You should use event subscriber when you want to deal with multiple events in one class, for example in this symfony2 doc page article, one may notice that event listener can only manage one event, but lets say you want to deal with several events for one entity, prePersist, preUpdate, postPersist etc... if you use event listener you would have to code several event listener, one for each event, but if you go with event subscriber you just have to code one class the event susbcriber, look that with the event subscriber you can manage more than one event in one class, well thats the way i use it, i preffer to code focused in what the model business need, one example of this may be went you want to handle several lifecycle events globaly only for a group of your entities, to do that you can code a parent class and defined those global methods in it, then make your entities inherit that class and later in your event susbcriber you subscribe every event you want, prePersist, preUpdate, postPersist etc... and then ask for that parent class and execute those global methods.
Another important thing: Doctrine EventSubscribers do not allow you to set a priority.
Read more on this issue here
Both allow you to execute something on a particular event pre / post persist etc.
However listeners only allow you to execute behaviours encapsulated within your Entity. So an example might be updating a "date_edited" timestamp.
If you need to move outside the context of your Entity, then you'll need a subscriber. A good example might be for calling an external API, or if you need to use / inspect data not directly related to your Entity.
Here is what the doc is saying about that in 4.1.

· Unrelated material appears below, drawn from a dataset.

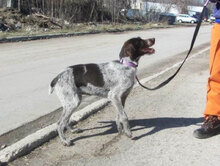 SITA, Hund, Deutsch Drahthaar in Bulgarien - Bild 4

As this is globally applied to events, I suppose it's also valid for Doctrine (not 100% sure).
Listeners or Subscribers
Listeners and subscribers can be used in the same application indistinctly. The decision to use either of them is usually a matter
of personal taste. However, there are some minor advantages for each
of them:
Subscribers are easier to reuse because the knowledge of the events is kept in the class rather than in the service definition.
This is
the reason why Symfony uses subscribers internally;
Listeners are more flexible because bundles can enable or disable each of them conditionally depending on some configuration value.
http://symfony.com/doc/master/event_dispatcher.html#listeners-or-subscribers
From the documentation :
The most common way to listen to an event is to register an event
listener with the dispatcher. This listener can listen to one or more
events and is notified each time those events are dispatched.
Another way to listen to events is via an event subscriber. An event
subscriber is a PHP class that's able to tell the dispatcher exactly
which events it should subscribe to. It implements the
EventSubscriberInterface interface, which requires a single static
method called getSubscribedEvents().